In London's East End, the damp air always carried the scent of fish and chips.
Beneath the legs of Jack Miller's narrow bed lay a heavy, ancient book with a peeling leather cover.
Like a forgotten soldier, it bore the weight of the bedframe without complaint.
Its pages were made of a tough, yellowed parchment, inscribed with twisting, coiling script—neither the elegant curves of Latin calligraphy nor the stark lines of Nordic runes, but something closer to primal scribbles from the depths of a nightmare.
A relic from his great-grandfather's "Oriental Gold Rush" days, its only distinction in the Miller family was its service as a makeshift wedge for furniture and beds.
When Jack was at university and broke as a joke, his father, Old Jack, had once sneaked this "heirloom" around Hatton Garden's jewellers and Portobello Road's antique stalls.
The verdict? Appraisers scoffed. "A cheap imitation, paper no older than thirty years," "Ink? Utterly ordinary!" "A century-old family treasure?" Old Jack flushed crimson, nearly tossing it into the Thames for the eels.
Passed down to Jack, the book resumed its life as a prop until he scraped together a deposit for a flat in Essex. History repeated: no buyers. The rejection hit him like London rain—cold and soaking.
He gave up dreaming. The book gathered dust in a corner, a silent monument to his failure.
Then came the whisky-drenched night.
After five years with Sophia ended, Jack drank himself into oblivion.
Staggering toward his bed, the wedge-like book **erupted without warning!** A blinding, platinum-white flame shot from its pages, devouring the dimness of the room.
It lasted less than twenty seconds but burned into Jack's retinas like eternity.
Sobriety hit. His heart hammered against his ribs. Though mates clapped his shoulder the next day, joking he'd "seen holy light in Johnnie Walker," Jack *knew*.
That light had been cold, intense—utterly inhuman.
"Treasure? Trash?" The thought coiled around him like ivy.
He returned to Hatton Garden only to face dismissive shakes and polite "please leaves." Desperate, he paid for exhaustive tests: material analysis, carbon dating.
The report was cold as a mortuary slab: modern wood-pulp paper, standard carbon ink, maximum age—**fifty years**. Frustration ebbed, leaving a jagged question: *This book was here when I was a boy.
It was here when Dad was young. Forty years, at least!* The contradiction split reality like a crack. This book… was no accident.
It was a riddle wrapped in rubbish.
Jack studied the "riddle." After science failed, his UCL linguistics training kicked in.
Those twisting symbols mocked him. By wild visual guesses (one rune resembled "strength," another curved like a hieroglyphic "sun"), he brute-forced meanings for 300 basic glyphs.
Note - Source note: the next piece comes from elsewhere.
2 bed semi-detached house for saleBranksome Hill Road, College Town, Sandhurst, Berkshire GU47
Barely enough for a children's book.
By page ten, the text became an impassable thicket. Yet in those first pages, one phrase drummed like a funeral march:
> **"The Aether Tide Returns, Laws Reforged, Dimensions Torn, Mortals Wail."**
Heartbroken and rattled by news of Alpine glaciers vanishing and freak Mediterranean storms, jacked up on apocalypse films, Jack grew morbidly obsessed. Bored, he calculated the date of the "Aether Tide's Return" using the book's complex calendar—a fusion of defunct star charts, forgotten solar terms, and dizzying base-12 maths.
The result froze his blood.
The "Laws Reforged" event landed squarely on **the 28th**—**seven days after** an online doomsday prediction (claiming the 21st was the end).
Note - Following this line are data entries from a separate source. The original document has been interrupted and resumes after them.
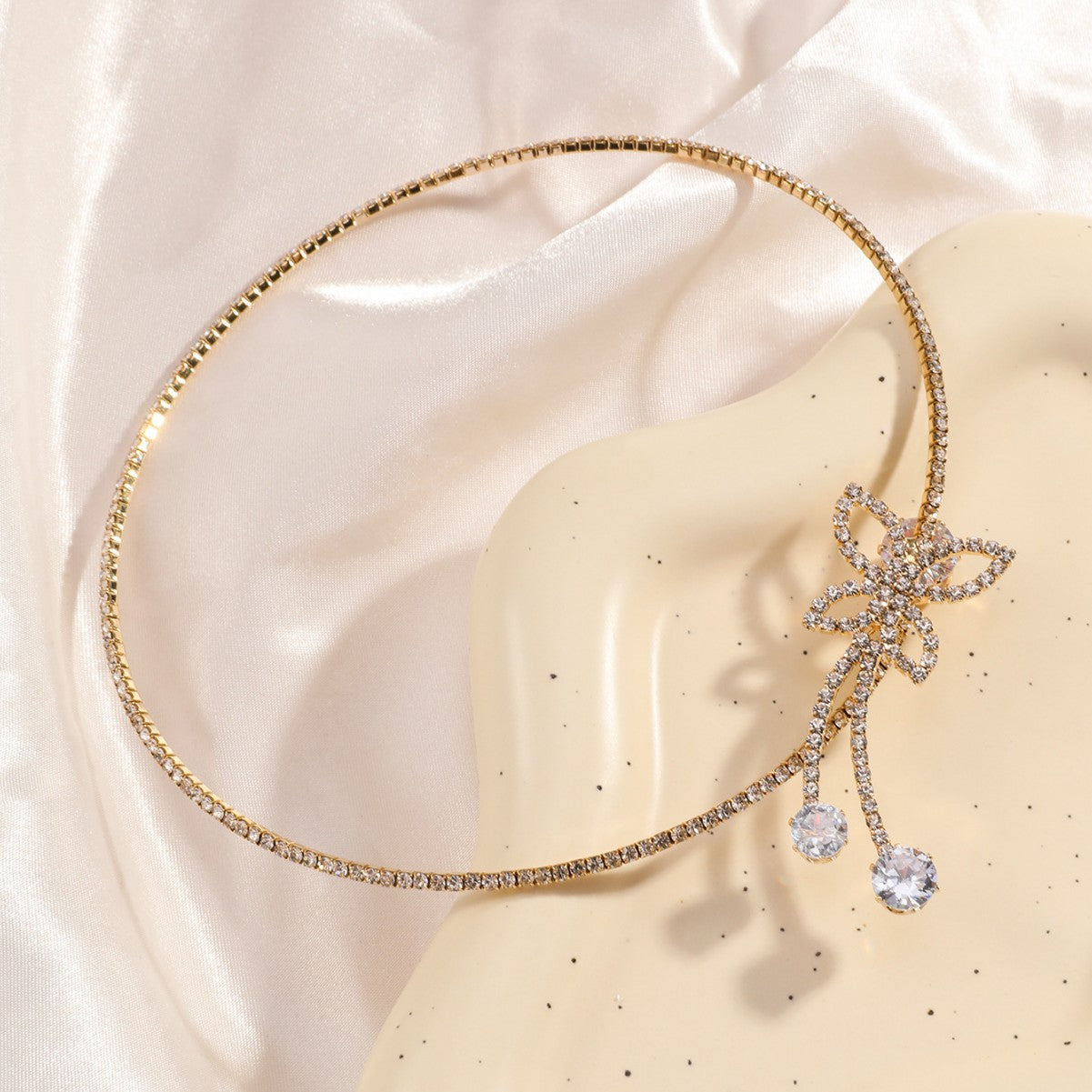 Elegant -style necklace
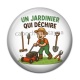 Cabochon Résine - un jardinier qui déchire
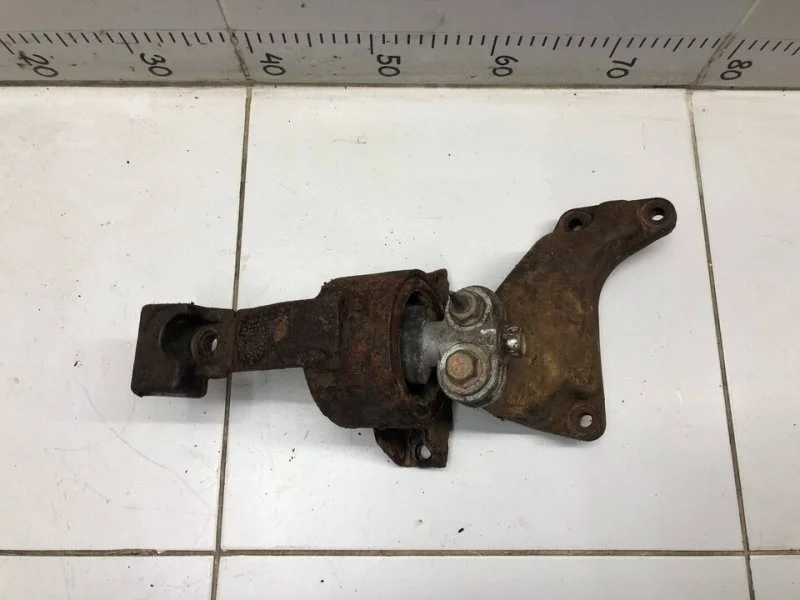 Опора КПП левая Chevrolet Lacetti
The book warned this would trigger "Dimensions Torn."
Jack recalculated obsessively. Had his meagre vocabulary misled him?
But as he deciphered more, the date—**the 28th**—held fast. Dread, bone-deep, seized him.
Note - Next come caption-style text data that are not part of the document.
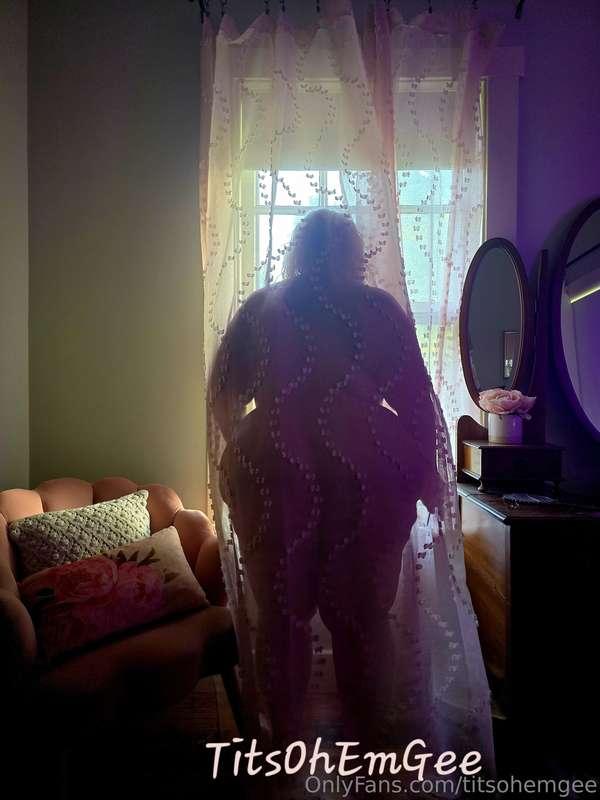 When you have flowey curtains and morning sun....you take ad..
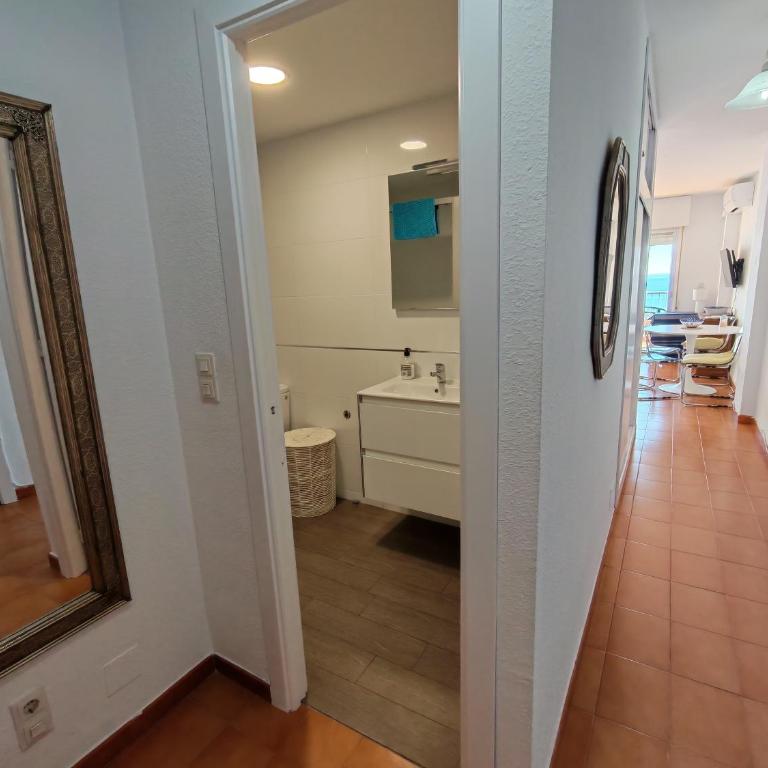 Epsilon 2 4f primera línea de playa - Apartamento Deluxe de 2 dormitorios con vistas al mar - 18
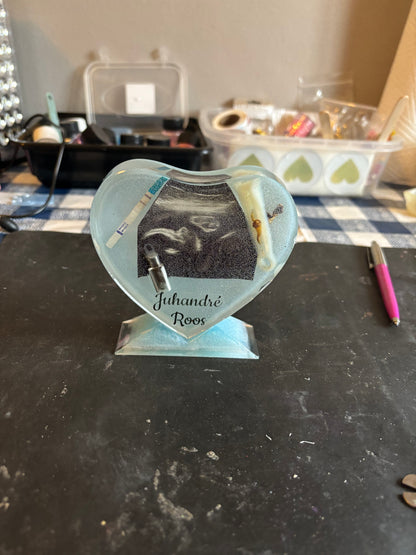 Small Heart on Stand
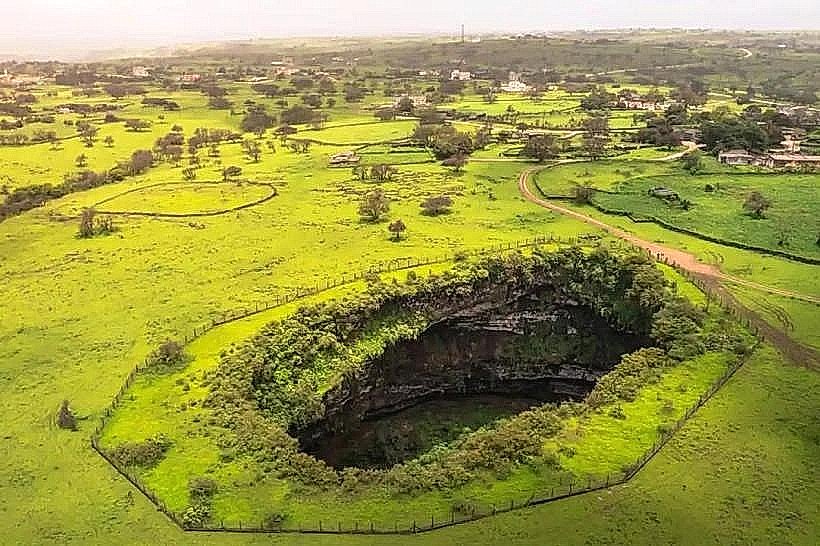 Tawi Attair Sinkhole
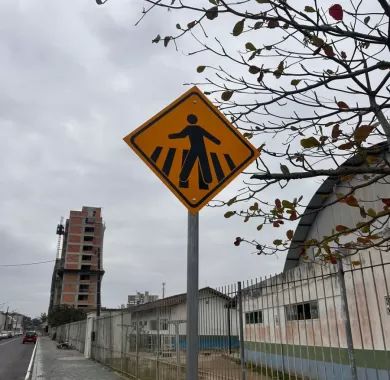 Obra de pavimentação asfáltica, drenagem pluvial e sinalização viária das Ruas Vereador João Figueiredo, Victor Molin e Presidente Geisel - Balneário Piçarras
The book felt alive now, whispering, forcing belief.
He anonymously posted the date on obscure occult forums and prepper groups. It drowned in theories of planetary alignments, alien harvests, and zombie plagues.
Not a ripple.
Then, three months ago. Jack switched off his bedside lamp, eyelids heavy.
At the edge of sleep—***Bang!*** Not sound, but pure light.
Not blinding white this time, but living auroras—rivers of emerald, sapphire, amethyst—surged from the book, flooding his bedroom. Walls, furniture, Jack himself bathed in unearthly radiance. Stone-cold sober, he heard his own heartbeat.
Doubt died.
Jack Miller vanished.
In his place stood a machine fuelled by urgency.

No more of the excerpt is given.